(Short descriptive text snippets)
========================================

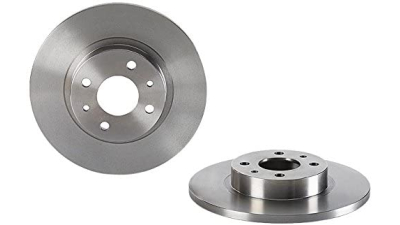 Set discuri frana fata Fiat Punto Cabriolet (176c), 04.1994-06.2000, marca SRLine S71-0109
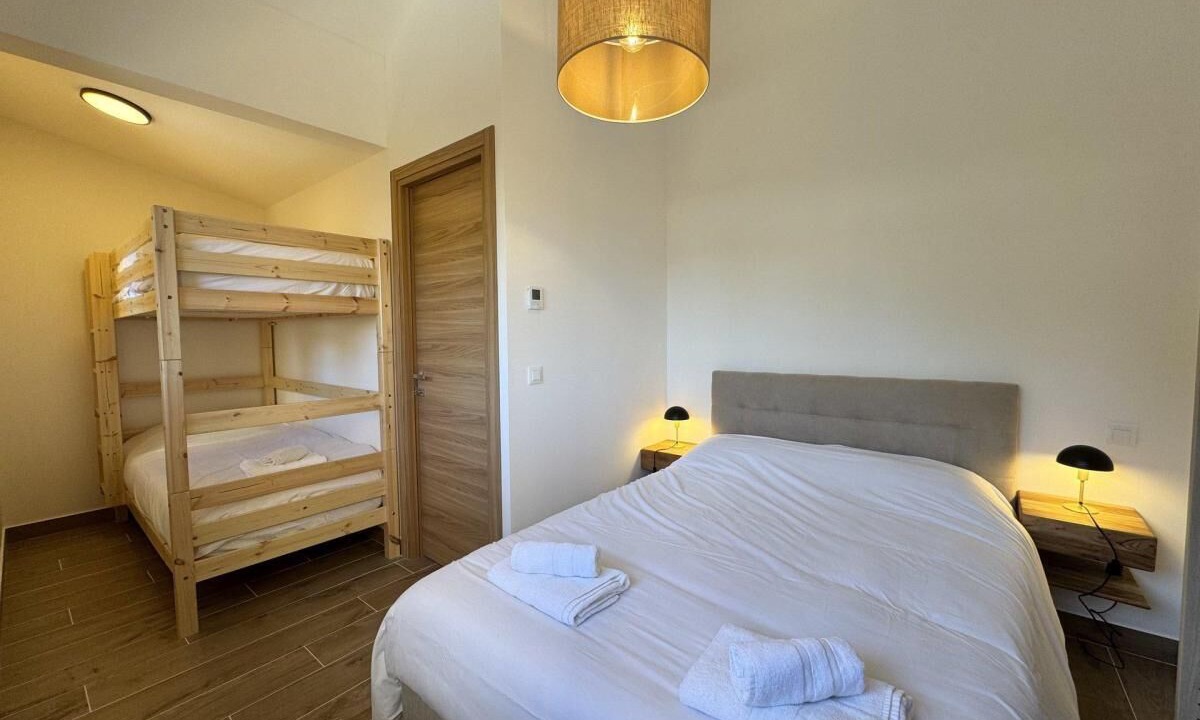 Photo of Bedroom in Les Claux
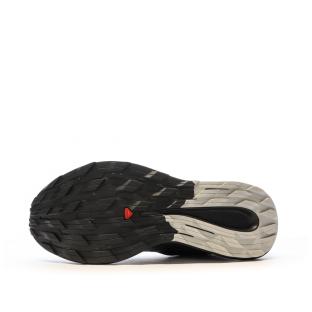 Chaussures de trail Noires Homme Salomon Pulsar vue 5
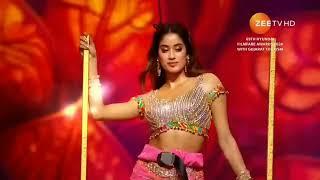 Janhvi kapoor full dance performance 69th hyundai filmfare awards 2024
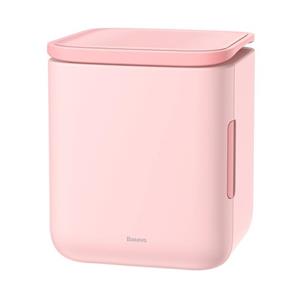 مینی یخچال و گرم کن بیسوس مدل ACXBW A02 Baseus Igloo Mini Fridge for Students 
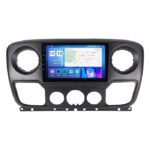 Auto Rádio Nissan NV400 / Opel Movano / Renault Master Android | 2010-2019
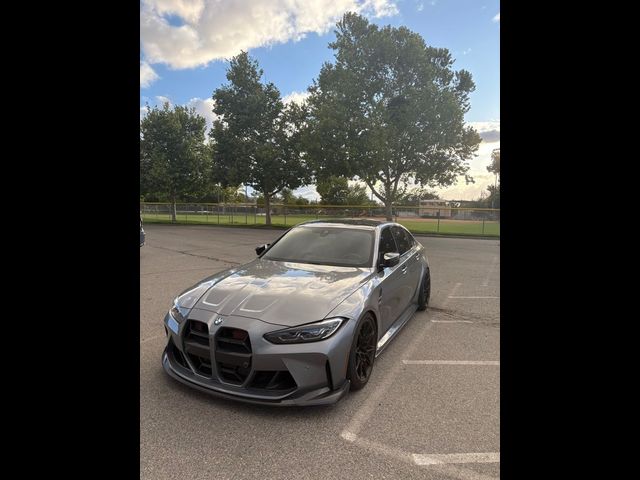 2024 BMW M3 Competition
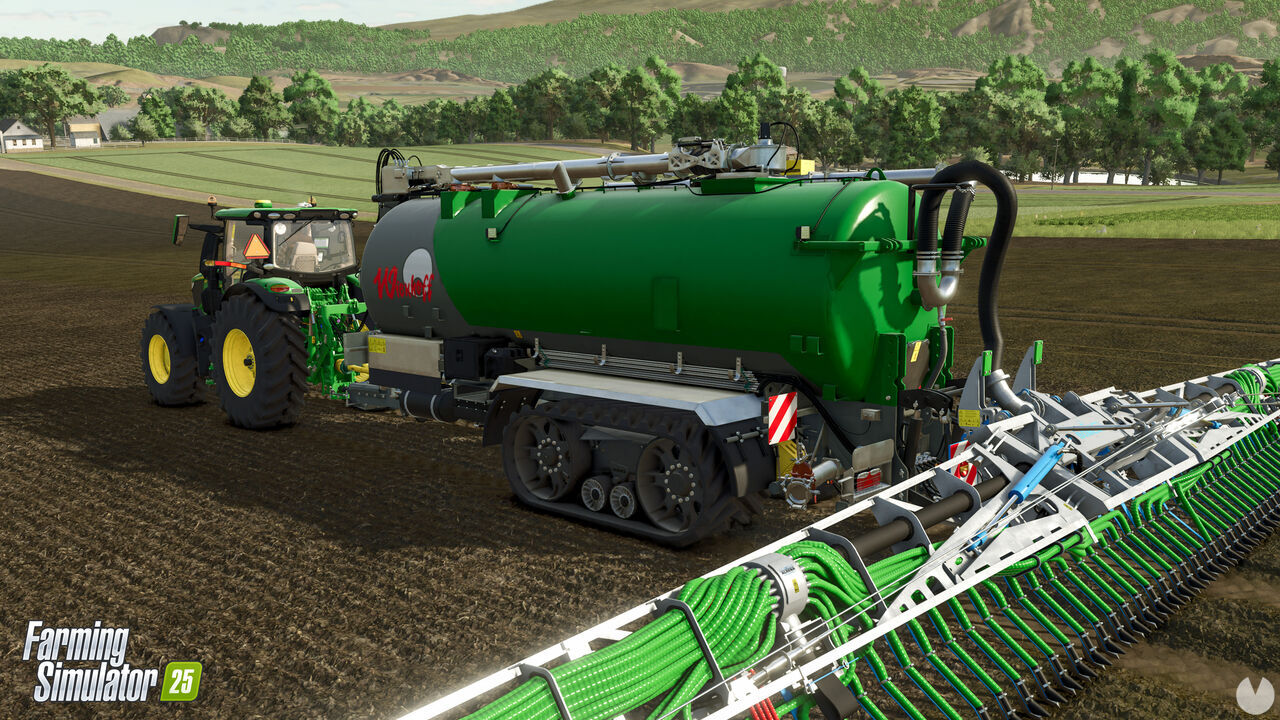 Imagen del Precision Farming 3.0 de Farming Simulator 25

========================================

Your objective
Only the lines from the one with "Photo of Bedroom in Les Claux" through the final line of the entries above are to be repeated, exactly as written and without pictures.

Solved problem
 Photo of Bedroom in Les Claux
 Chaussures de trail Noires Homme Salomon Pulsar vue 5
 Janhvi kapoor full dance performance 69th hyundai filmfare awards 2024
 مینی یخچال و گرم کن بیسوس مدل ACXBW A02 Baseus Igloo Mini Fridge for Students 
 Auto Rádio Nissan NV400 / Opel Movano / Renault Master Android | 2010-2019
 2024 BMW M3 Competition
 Imagen del Precision Farming 3.0 de Farming Simulator 25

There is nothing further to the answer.